Every February, if not earlier, each club lays out their ideas, pretensions and targets for the summer transfer window. With more and more players choosing to run down their contracts in order to cash in on a big contract, those plans are forced even further forward into the winter months approaching the January window.
The problem and the plight of the football’s finest minds is that all of these pre-made plans of action are difficult to put into place. In many ways, each of them is gambling on the intentions of other teams. Spinsify provides the gambler with information on the options available to them online – your average technical team wouldn’t turn down a similar tool for their transfer markets.
Perhaps the best example of this is Sevilla’s Monchi. Ramon Rodriguez Verdejo, Sporting Director extraordinaire, has been aware of the fact that although he could hold onto the shining lights of La Liga’s best defence until the end of the season, Jules Kounde and Diego Carlos, anything beyond that would be difficult.
Sevilla had to beat off interest from Newcastle United in the January window, but with the prospect of a historic title challenge at the time, Los Nervionenses had good reason to tempt the Brazilian.
Although the destination was a topic of discussion – that someone would swap Champions League football in La Liga for England’s fourteenth best team – the fact of his departure to Aston Villa took nobody unawares.
Equally, an exit had been mooted for Kounde last summer, yet he was also retained under pressure. The likely valve for which was a promise that this transfer window he would be permitted to walk on the proviso of a good offer.
Yet as the month of July approaches and Kounde remains a Sevilla player, uncertainty hangs in the air. For as much the player, who has been heavily-linked with significant powers such as Chelsea and Barcelona, as Monchi. In his ideal world, the deal would surely have been done by now.
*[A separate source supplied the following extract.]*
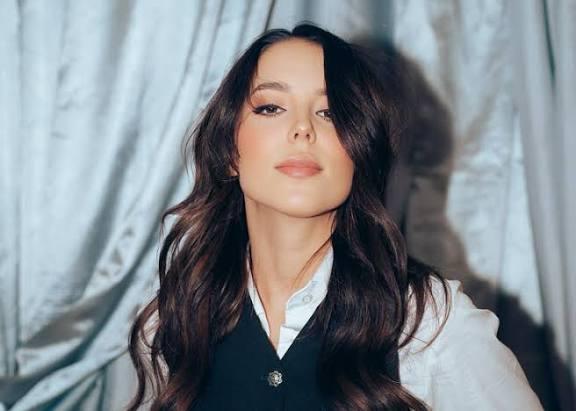 Majo Aguilar hace historia: Primera artista de mariachi en desfile de Carolina Herrera en NYFW Otoño-Invierno 2026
From his point of view, signing his replacements for Carlos and Kounde has to be the priority of the summer. Yet, intensely aware of his value on the market, if a satisfactory offer does not arrive for the French defender, it will complicate his plans for the future.
Although Sevilla would retain an excellent player and a star, keeping an unhappy player while being unable to continue with their model of finance and reinvestment would be a bump in the road, requiring immediate contingency plans.
There is the argument that it could allow Sevilla to bring in replacements for lower fees without the cash from Kounde jingling in their pocket, but it’s a risky business for Sevilla to purchase without an assurance of any deal.
Overall, even when it comes to the experts, there is an inherent aspect of gambling in the transfer market. The entertaining part of the transfer market is seeing who can get away with their bluffs.